Hence, \[ \theta = \mathbb{E}_{f}\left[g(X)\right] = \mathbb{E}_{h}\left[g(X)\frac{f(X)}{h(X)}\right]. \] We can now approximate the expectation with respect to \(h\) using the Monte Carlo method by sampling from \(h\). Thus, importance sampling alogrithm for approximating expectation is given by

  1. Generate \(n\) samples from \(h(x)\): \(X_1, X_2, \dots, X_n\). Then,
  2. the monte carlo approximation w.r.t \(h\) is given by, \[\widehat{\theta} = \frac{1}{n}\sum\limits_{i = 1}^{n}g(X_i)\frac{f(X_i)}{h(X_i)}.\]

For this strategy to work, it must be easy to sample from \(h\) and to evaluate \(f\)! Some notation,

  1. The ratio \(w = \frac{f}{h}\) is called the likelihood ratio.
  2. The function \(h\) is called the importance function.

The likelihood ratio act as weights to the original function \(f\).

Example 1: Let \(Z \sim N(0,1)\) be the standard normal.

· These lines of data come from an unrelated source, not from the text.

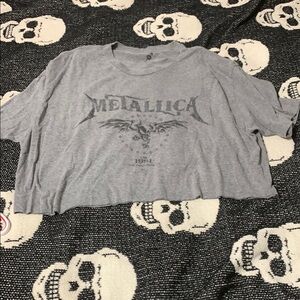 Metallica Gray Graphic Tee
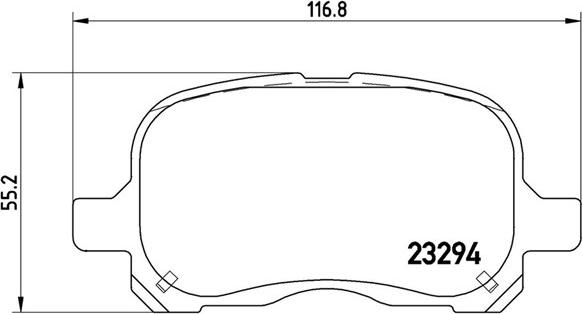 Magneti Marelli 363700483044 - Гальмівні колодки, дискові гальма autocars.com.ua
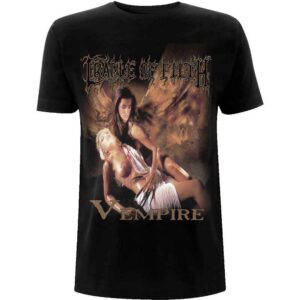 Cradle Of Filth Vempire Black Back Print T-Shirt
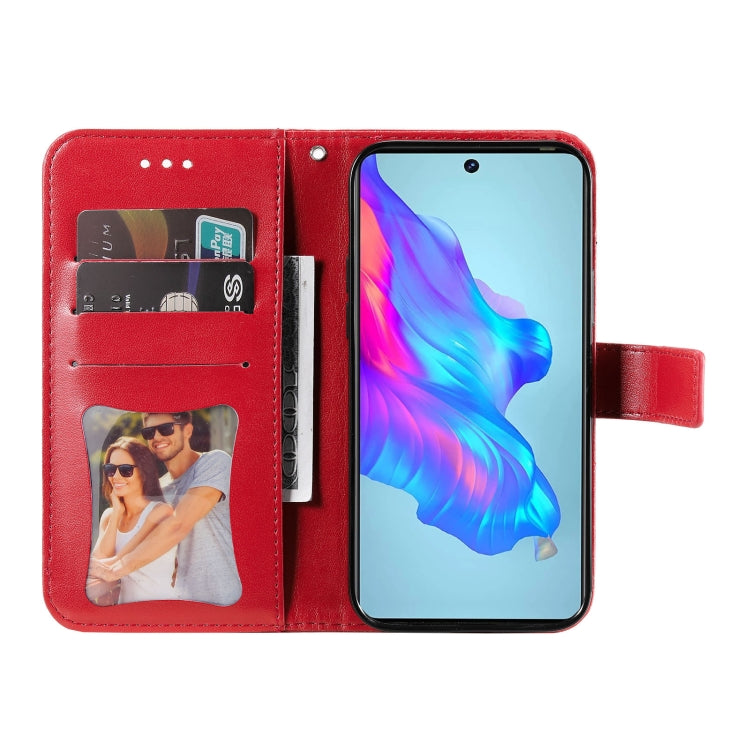 For Tecno Camon 18/18P 7-petal Flowers Embossed Flip Leather Phone Case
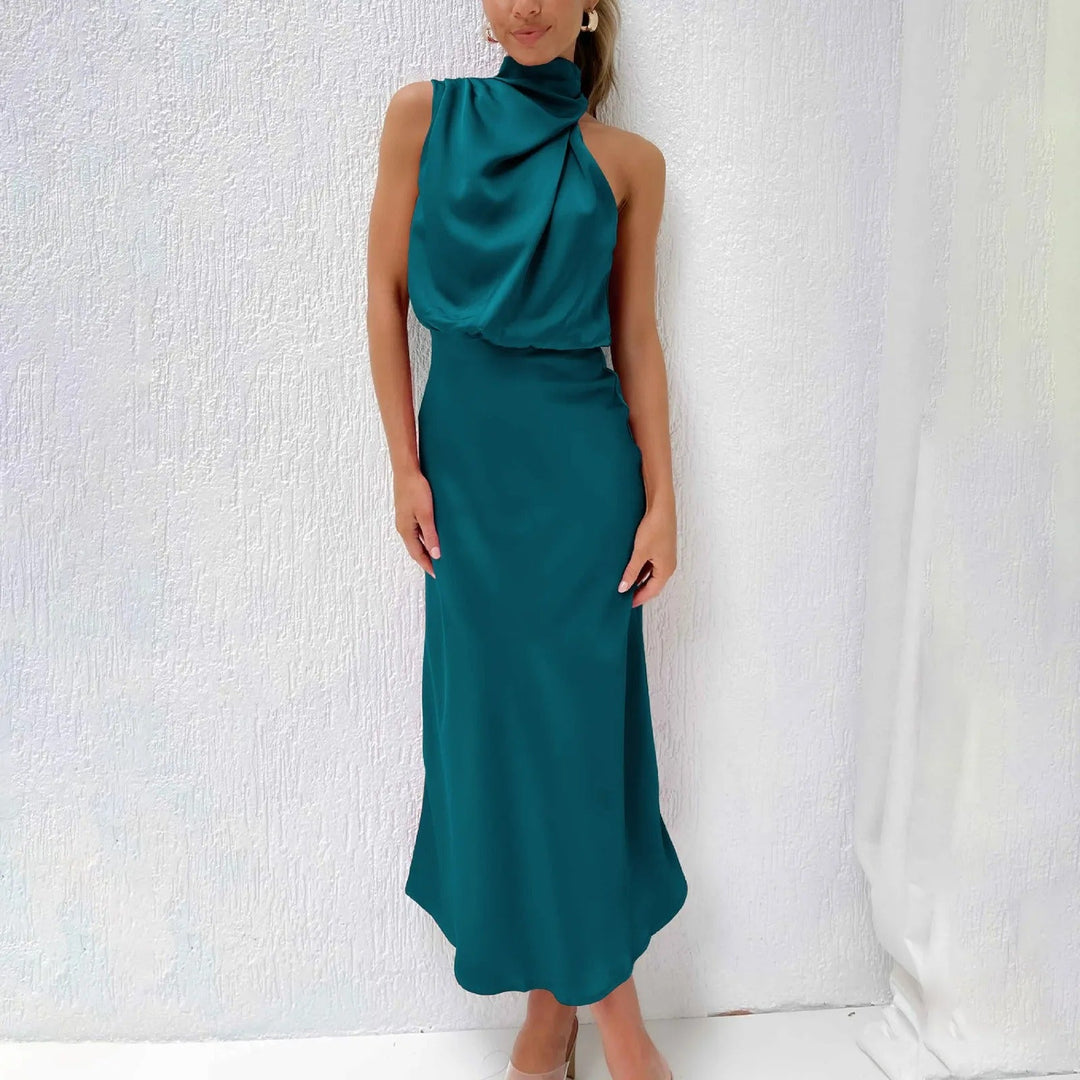 Noevala | Robe de fête en satinv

Compute the probaility \(P(Z > 4.5)\) using standard monte carlo and importance sampling.

Note that \(Z > 4.5\) is a rare event

1 - pnorm(4.5)
## [1] 3.397673e-06

Let \(f\) be the standard normal density. To use standard monte carlo, we note that \[ \theta = P(Z > 4.5) = \mathbb{E}_{f}\left[\mathbb{I}_{(Z > 4.5)}\right]. \] Thus, for \(n\) samples \(Z_1, Z_2, \dots, Z_n\) from \(N(0,1)\), the monte carlo estimate is given by \[ \widehat{\theta_{MC}} = \frac{1}{n}\sum\limits_{i}^{n}\mathbb{I}_{(Z_i > 4.5)}. \]

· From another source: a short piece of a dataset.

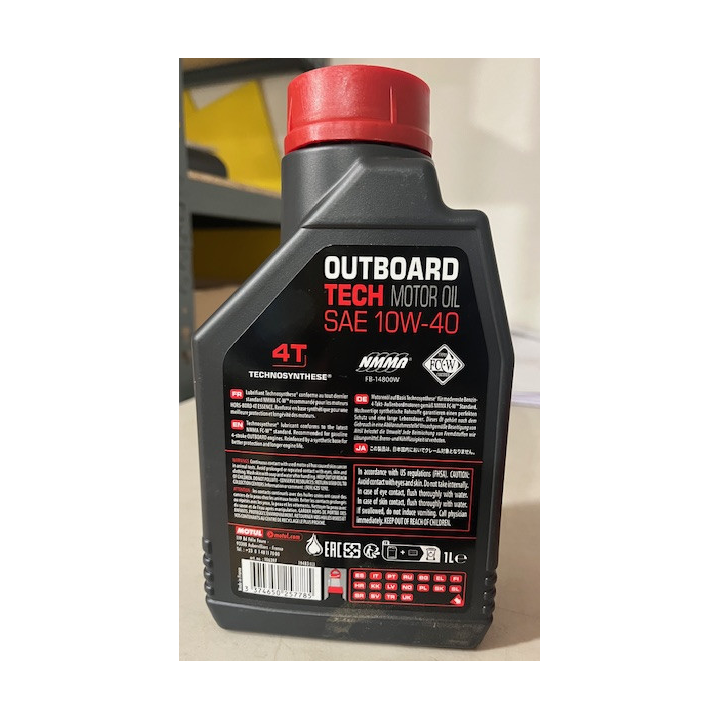 HUILE TECH MOTUL MOTEUR HORS BORD 4T 10W40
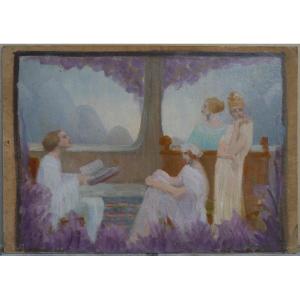 Etude symboliste vers 1900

Let us compute \(\widehat{\theta_{MC}}\) using \(10000\) samples.

z <- rnorm(1e4)
theta.mc <- mean(z > 4.5)
print(theta.mc)
## [1] 0

Note that the rare event \((4.5, \infty)\) gets fewer samples (0 samples in the example above!) and doesn’t contribute much to monte carlo approximation. What if we consider a density that was strictly above \(0\) in this region. A natural(!) choice for \(h\) is shifted \(Exp(1)\) i.e \(X \sim Exp(1)\) shifted to \(X > 4.5\). That is \(h\) is the conditional density, conditioned when \(X > 4.5\) \[ h(x) = \frac{\mathbb{I}_{X > 4.5}\text{ }e^{-x}}{\int_{4.5}^{\infty}e^{-y}dy} = e^{-(x - 4.5)}, \]

for \(x \geq 4.5\). Let us plot this function (the importance function)

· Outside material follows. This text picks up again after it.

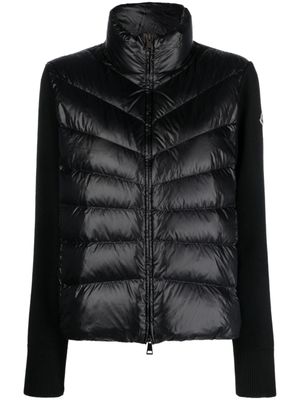 Moncler doudoune à empiècements contrastants - Noir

x.seq <- seq(from = 4.5, to = 10, length.out = 101)
y.seq <- sapply(x.seq, function(x) exp(-1*(x - 4.5)))
plot(x.seq, y.seq, type = "l", xlab = "x", ylab = "h(x)", lwd = 3, col = "blue")

Now, let us plot the likelihood ratio

w.seq <- sapply(x.seq, function(x) dnorm(x)/dexp(x-4.5))
plot(x.seq, w.seq, type = "l", col = "red", xlab = "x", ylab = "f(x)/h(x)", lwd = 3)

Now let us carry out the monte carlo integration using importance sampling

# number of simulations
n.sim <- 1e3
# get samples from h
x <- rexp(n.sim) + 4.5
# get the likelihood ratio
w <- dnorm(x)/dexp(x-4.5)

# mc importance sampling
# Note we don't have to multiply by g(x) because
# g(x) is always 1!
theta.hat <- mean(w)

print(theta.hat)
## [1] 3.328885e-06

Choosing importance functions is a delicate matter. The single most important criteria for choosing an importance function \(h\) is,

\(h\) should have a heavier tail than \(f\) and \(\frac{f}{h}\) should be bounded.